Residents could stay there for months and even a couple of years if they’re veterans, but there is no real time limit and Frayer is expecting shorter stays “depending on what they need to kind of get on their way.”
The new shelter will offer showers, laundry and food for even the unhoused people visiting from the homeless camps they may prefer. And any homeless person in the city should be able to visit its day center for case management, help with finding jobs and housing, and getting a driver’s license.
“Another big service for us is mail,” Frayer said. “We do mail for everybody including City Rescue Mission participants and ours. Anybody that needs a mailing address can use this location. We end up doing mail for several hundred people.”
The Nest, she said, received a loan from a private donor for the $1.3 million purchase of the building previously home to the Michigan Beer & Wine Wholesalers Association. Renovations amounted to $800,000 to $900,000 in improvements.
Operating The Nest will cost about $1.2 million annually.
“This was a beautiful office building that was about 20 years old,” Frayer said. “It really wasn’t set up for overnight guests.
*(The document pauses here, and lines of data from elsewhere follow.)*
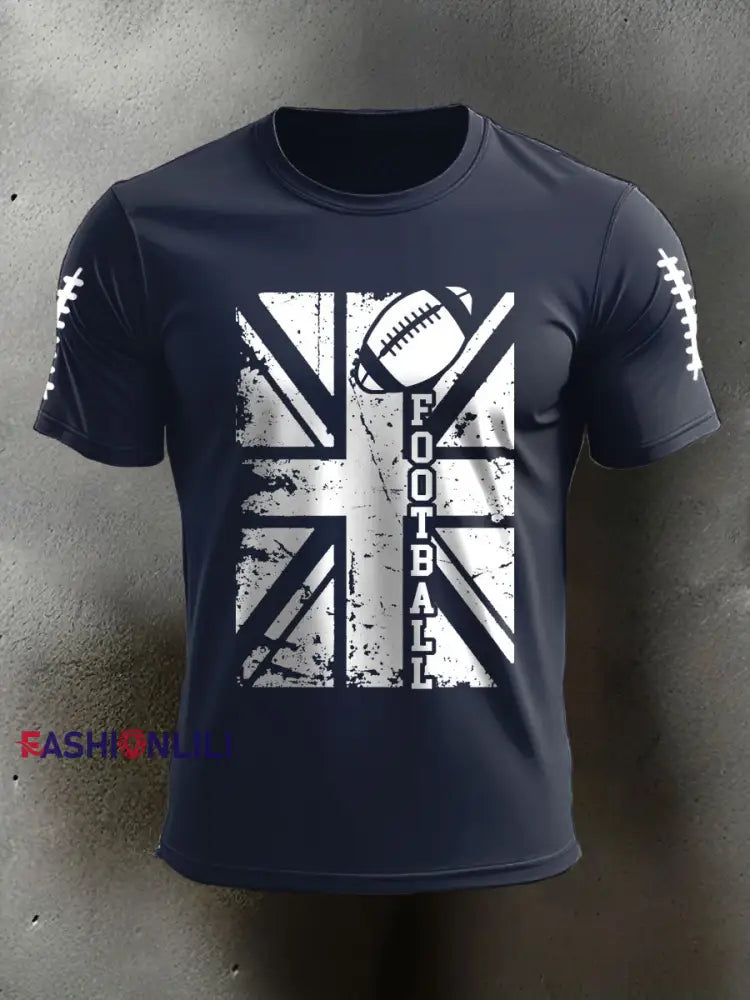 Men’s UK Flag Football Printed T-shirt Navy Blue / S
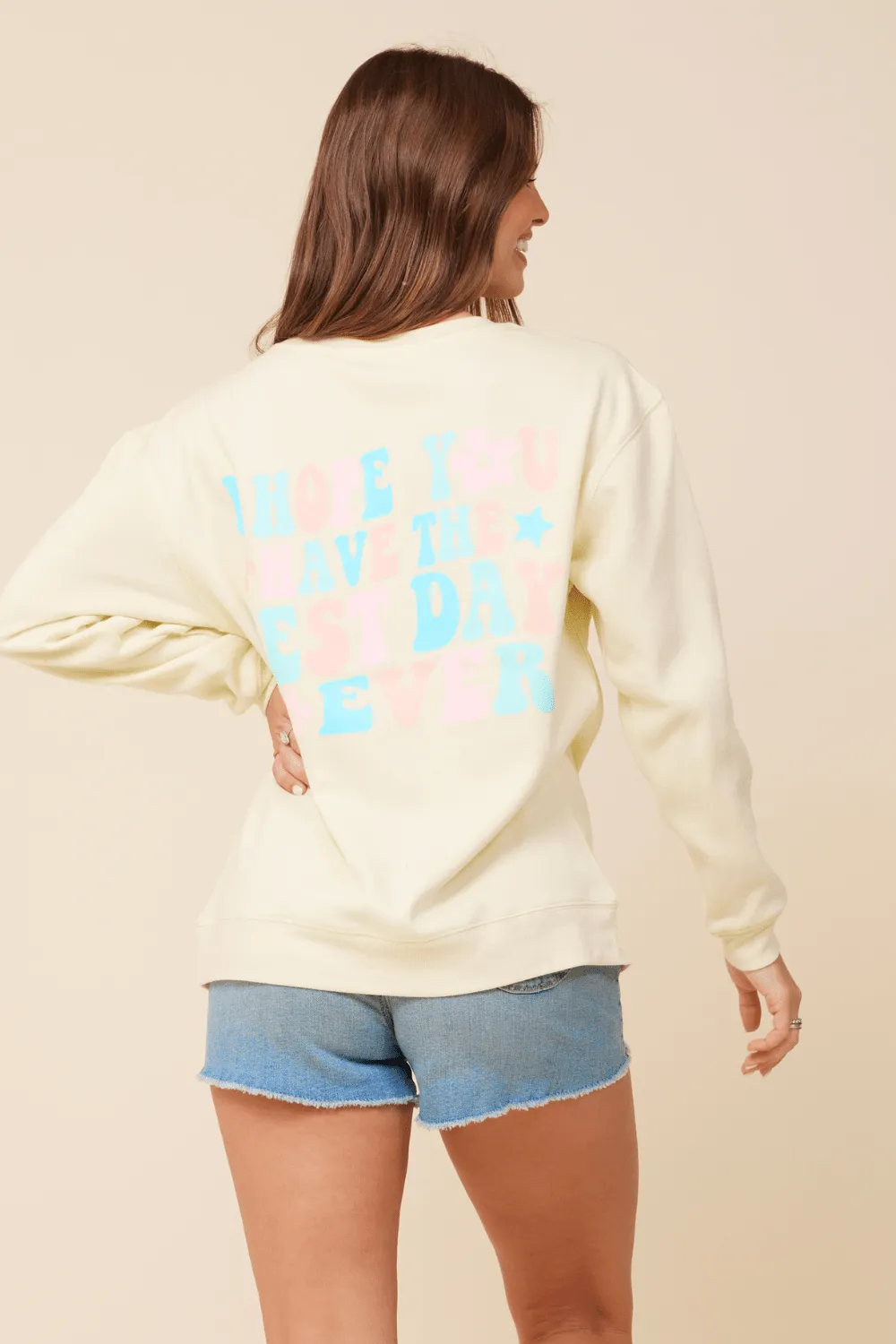 "Bridesmaid" Lemon Surf Wash Crewneck Sweatshirt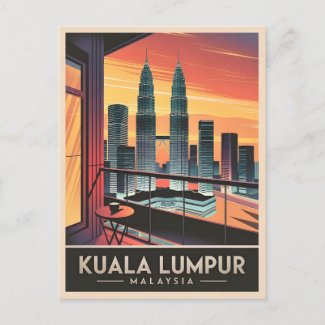 Vintage Travel Kuala Lumpur Malaysia Sunset Retro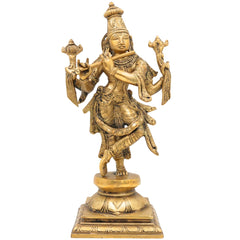 Brass Krishna Idol – Gopal Murti, Govinda Vigraham, Radha Krishna Sculpture for Pooja, Home Decor & Temple,Gold, 12 Inch, 1 Piece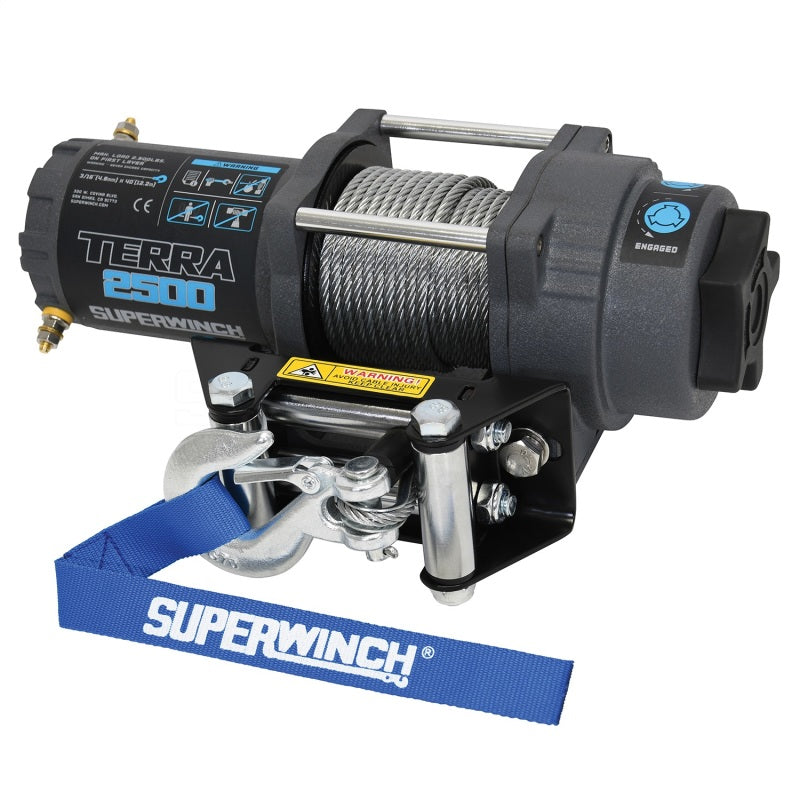 Superwinch Winches Superwinch 2500 LBS 12V DC 3/16in x 40ft Steel Rope Terra 2500 Winch - Gray Wrinkle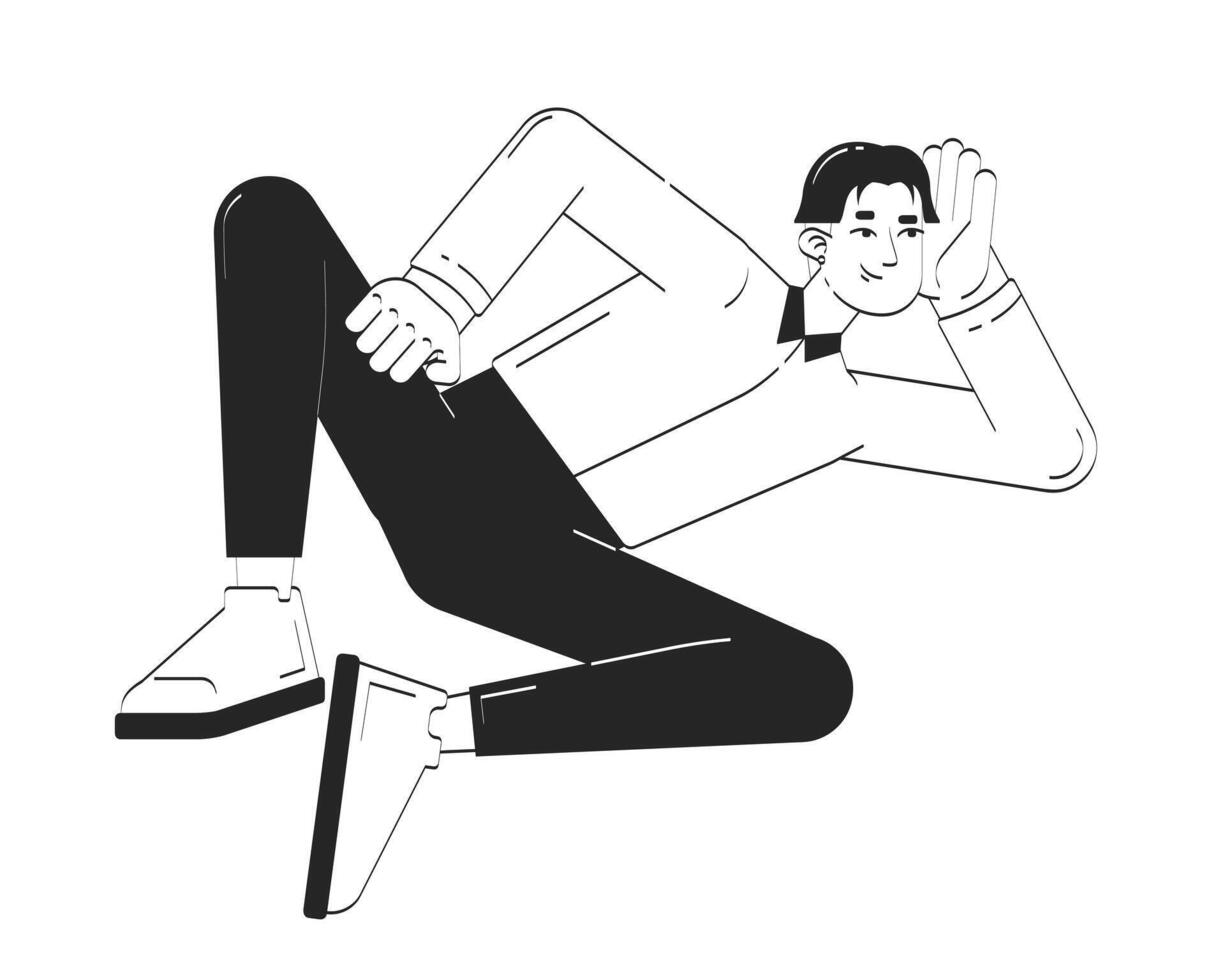 Happy korean office employee resting at work doodle linear character. Positive relaxed asian male lying while having break 2D outline person isolated. Hand drawn drawing illustration monochrome vector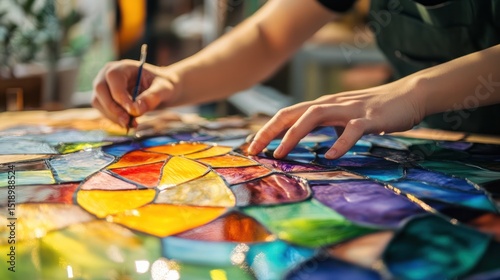 Artisan Creating a Vibrant Stained Glass Masterpiece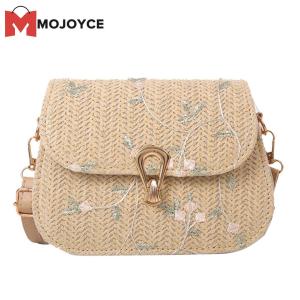 MOJOYCE Summer Lace Flower Crossbody Bag Straw Beach Messenger Woven Purse Handbag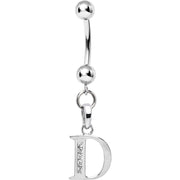 16G Solid 14k White Gold CZ Initial D Belly Ring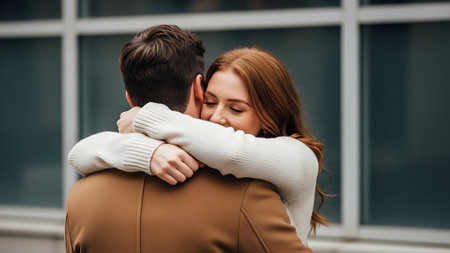 A romantic moment between two people embracing outside.の素材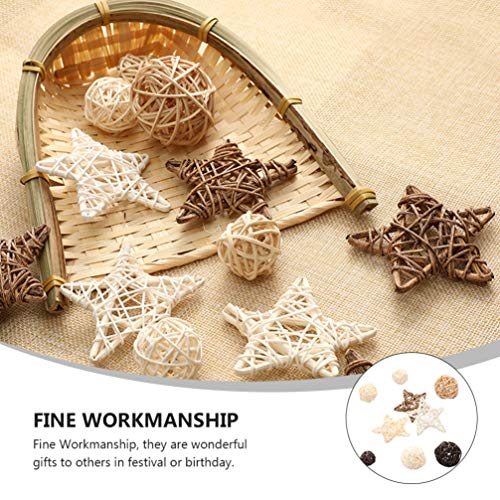 Bestoyard 9Pcs Christmas Tree Rattan Wicker Balls Nordic Styled Rattan Stars Christmas Ornaments Vase Fillers Photo Props Scatter For Wedding Party Christmas Decoration #TOP3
It was set up for offices, so we had to add a lot of bathrooms, showers, things like that … amenities that people can use.”
Those attending the April 29 event can tour the facility, meet The Nest’s team and see how the space was “intentionally designed to create a welcoming environment that prioritizes dignity and long-term progress for the Lansing region’s homeless population,” according to its press release.
The Nest further said in its release that the U.S. Department of Housing and Urban Development shows “on any given night, more than 850 individuals are experiencing homelessness in Ingham County.”
The Nest is currently accepting contributions to expand access and support day-to-day operations.Community members interested in supporting The Nest can learn more or make a gift at thelansingnest.org/donate.
Contact editor Susan Vela at svela@lsj.com or 248-873-7044. Follow her on Twitter @susanvela.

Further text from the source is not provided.